10.2. Using Branches Effectively¶
Besides taking snapshots of your work and backing it up, version control also lets you manage multiple versions of a project’s code base simultaneously, for example, to allow part of the team to work on an experimental new feature without disrupting working code, or to fix a bug in a previously-released version of the code that some customers are still using.
Branches are designed for such situations. Rather than thinking of commits as just a sequence of snapshots, we should instead think of a directed, acyclic graph of commits. When a new repo is created, by default it contains only a single branch, usually called the main branch, on which a linear sequence of commits is made. At any point in time, a new branch can be created that “splits off” from any commit of an existing branch, creating a copy of the code tree as it exists at that commit. As soon as a branch is created, that branch and the one from which it was split are separate: commits to one branch don’t affect the other, though depending on project needs, commits in either may be merged back into the other. Indeed, branches can even be split off from other branches, but overly complex branching structures offer few benefits and are difficult to maintain. Finally, unlike a real tree branch, a repo branch can be merged back into another branch later—either the branch from which it split off, or some other branch. A branch can also be deleted, for example, if the project decides to abandon the work-in-progress that branch represents.

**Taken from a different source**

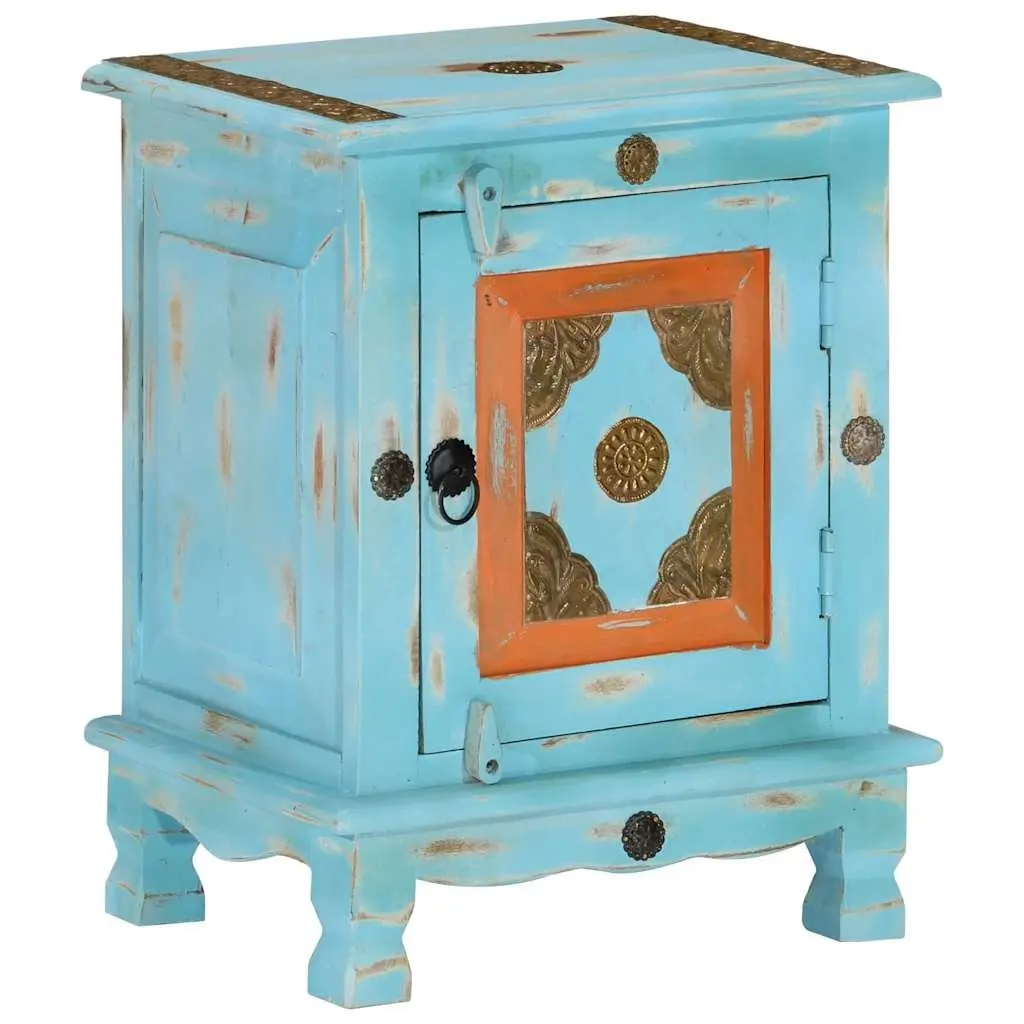 Solid Mango Wood Blue Bedside Table in Indian Style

We highlight two common branch management strategies that can be used together or separately, both of which strive to ensure that the main branch always contains a stable working version of the code. Figure 10.2 shows a feature branch, which allows a developer or sub-team to make the changes necessary to implement a particular feature without affecting the main branch until the changes are complete and tested. If the feature is merged into the main branch and a decision is made later to remove it (perhaps it failed to deliver the expected customer value), the specific commits related to the merge of the feature branch can sometimes be undone, as long as there haven’t been many changes to the main branch that depend on the new feature.
Figure 10.3 shows how release branches are used to fix problems found in a specific release. They are widely used for delivering non-SaaS products such as libraries or gems whose releases are far enough apart that the main branch may diverge substantially from the most recent release branch. For example, the Linux kernel, for which developers check in thousands of lines of code per day, uses release branches to designate stable and long-lived releases of the kernel. Release branches often receive multiple merges from the development or main branch and contribute multiple merges to it. Release branches are less common in delivering SaaS because of the trend toward continuous integration/continuous deployment (Section 1.4): if you deploy several times per week, the deployed version won’t have time to get out of sync with the main branch, so you might as well deploy directly from the main branch. We discuss continuous deployment further in Chapter 12.
Figure 10.4 shows some commands for manipulating Git branches. At any given time, the current branch is whichever one you’re working on in your copy of the repo. Since in general each copy of the repo contains all the branches, you can quickly switch back and forth between branches in the same repo (but see Fallacies and Pitfalls for an important caveat about doing so).
Small teams working on a common set of features commonly use a shared-repository model for managing the repo: one particular copy of the repo, referred to as the origin repo, is designated as authoritative, and all developers agree to push their changes to the origin and periodically pull from the origin to get others’ changes. Famously, Git itself doesn’t care which copy of the repo is authoritative—any developer can pull changes from or push changes to any other developer’s copy of that repo if the repo’s permissions are configured to allow it—but for small teams, it’s convenient (and conventional) for the origin repo to reside in the cloud on a service such as GitHub. Each team member can clone the origin repo onto their development computer, do their work, make their commits on their local clone, and periodically push their commits to the origin. From the point of view of each developer’s local clone, the origin is one of possibly several remote copies of the repo, or simply “remotes.” In the shared-repository model, the origin repo is usually the only remote. Section 10.4 describes scenarios in which there may be multiple remotes.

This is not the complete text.